Why isn't my hydrangea blooming?
One of the most popular plants I sell are hydrangeas. From small to large blossoms of white, red, pink, blue, purple, bi-color and the list just seems to get expanded more and more each year.
When you break down the name, hydrangea, the Latin "hydra" translates into water. These plants do like moist areas but have been known to grow in dry well draining soils as well.
First, let's break down the types of hydrangeas....
#1 Hydrangea macrophylla- These are rounded "snowball " like flowers that prefer part sun to a shaded situation. Some are remontant, or repeat bloomers while others seem to be quite finicky and bloom when they feel like it.

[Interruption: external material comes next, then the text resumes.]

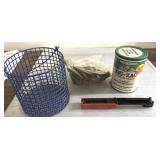 Cigarette roller & tobacco Cigarette roller & tobacco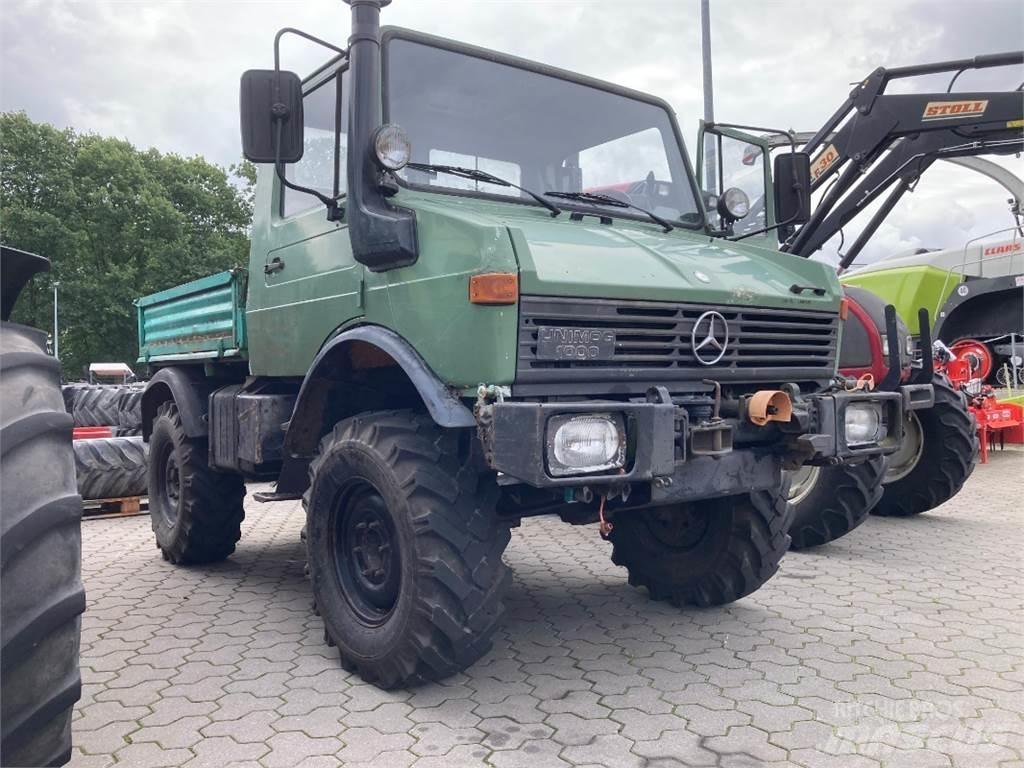 MB Trac U 1000 Traktory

I am often asked why my hydrangea is not blooming. Improper timing of trimming on these varieties are the main culprit. The rounded macrophylla varieties of hydrangeas should only be pruned in mid to the end of August when flowers are at the end of their bloom cycle. They will start setting flower buds late August and into September for the next year. Improper timing of pruning could cause flower buds to be trimmed off. Late frosts or snows like we had in previous years caused a lot of flower buds to be frozen and negated flowering for the year.
Insufficient light is another possibility. Hydrangeas do like shade, but deep shade will not yield many, if any flowers.
If you do have a hydrangea which seems stubborn and you have not pruned at the wrong time, I always suggest taking a sharp spade and digging on one side only the plant as if you were going to transplant it to a new location. This usually shocks the plant into blooming the next year. The stress to the plant causes it to go into survival mode and procreate with flowers. It's not 100% a cure but works a lot of the time. Also, a good shot of fertilizer like espoma's holly-tone will help with producing flowers as no plant will do well if it is starving.
Check the flow chart out by proven winners to see why your hydrangea may not be blooming.
The pH of your soil also has a lot to do with the color of your hydrangeas. If you add lime and raise the ph of soil, your flowers will be pink, the higher the ph, the pinker the flowers. Conversely, if you add aluminum sulphate or soil Sulphur and lower the ph, your flowers will be blue. The aluminum sulphate really gets flower colors almost an electric blue. I have some clients which experiment with varied combinations of lime and aluminum sulphate, one puts lime on the left side and aluminum sulphate on the right, this yields mixed colors on the same plant.